Lost in the conversation about the impact of global climate change, and policies designed to prevent rising temperatures and mitigate their consequences, is an understanding of the human impact of an increase in global temperature. I propose a comprehensive storymap that shows the migration of people throughout the world as a result of climate related events. This will illustrate the myriad of ways in which climate change has already impacted human populations, as well as the potential for rising global temperatures to cause the greatest migration of people in human history.
This project was conceived as a way to illustrate the mass movement of people as a result of man-made climate change. While there are dozens of storymaps which describe the impact of rising global temperatures, none of them give the viewer a sense of mass migration, of human populations in flux.

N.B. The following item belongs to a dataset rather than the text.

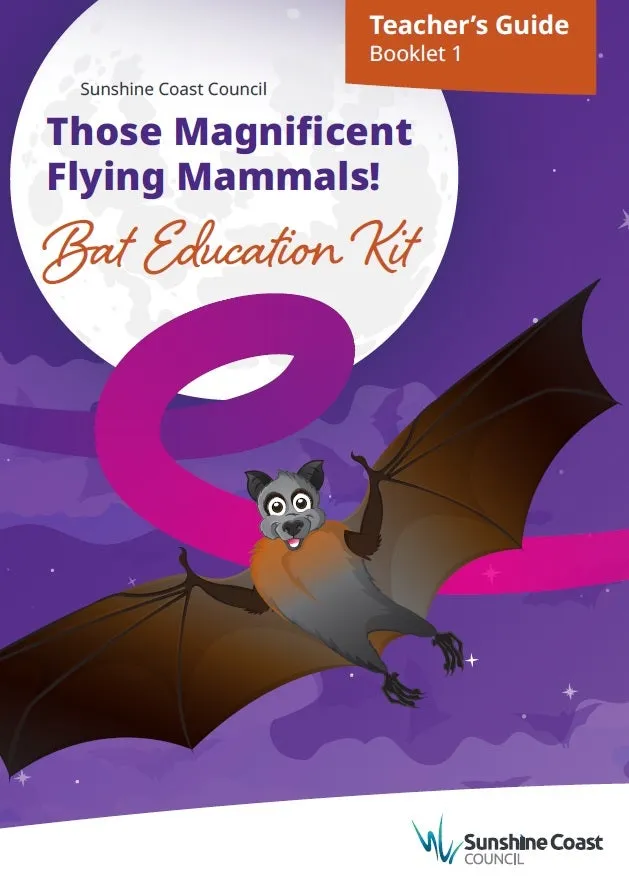 Those%20Magnificent%20Flying%20Mammals%21%20Bat%20Education%20Kit%20-%20Teachers%20Guide%20Booklet%201.jpg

One of the challenges I will face during this summer is organizing my datasets and creating my storymap in a way that adheres to the overarching principal of portraying movement.

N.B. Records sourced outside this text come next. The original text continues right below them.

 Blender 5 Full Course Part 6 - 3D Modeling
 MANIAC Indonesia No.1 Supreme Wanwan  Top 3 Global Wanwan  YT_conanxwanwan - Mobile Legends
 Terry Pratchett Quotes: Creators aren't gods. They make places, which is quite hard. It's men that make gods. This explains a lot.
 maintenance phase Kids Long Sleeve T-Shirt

One of the inspirations for this project is the storymap created and published by The Slave Voyages Consortium. This timelapse storymap uses orbs to represent enslaved people who were kidnapped and transported to other places as part of the Atlantic slave trade. The orbs grow in size to represent greater numbers of enslaved people being transported. The orbs are also color coded to illustrate the different destinations of the slave ships. As the timelapse progresses, we see the orbs moving across the Atlantic, representing the forced migration of Africans to the U.S., Caribbean, Brazil, and Europe. In this way, the storymap not only represents the loss of population that took place in Africa, it also shows the dispersal of the African diaspora that took place as a result of the slave trade.
Compare that storymap to the ones published by the Esri Storymaps team. This series of maps introduced viewers to the human impact of the climate crisis, but like other digital humanities projects focused on climate change, places the planet at the center of its narrative, not humans. Maps, like the one below, which do represent human populations impacted by climate change, give the impression that these populations are stagnant. My project will contribute to digital scholarship related to climate by change by placing movement at the center of my narrative and depicting the climate diaspora that has been growing as a result of global climate change.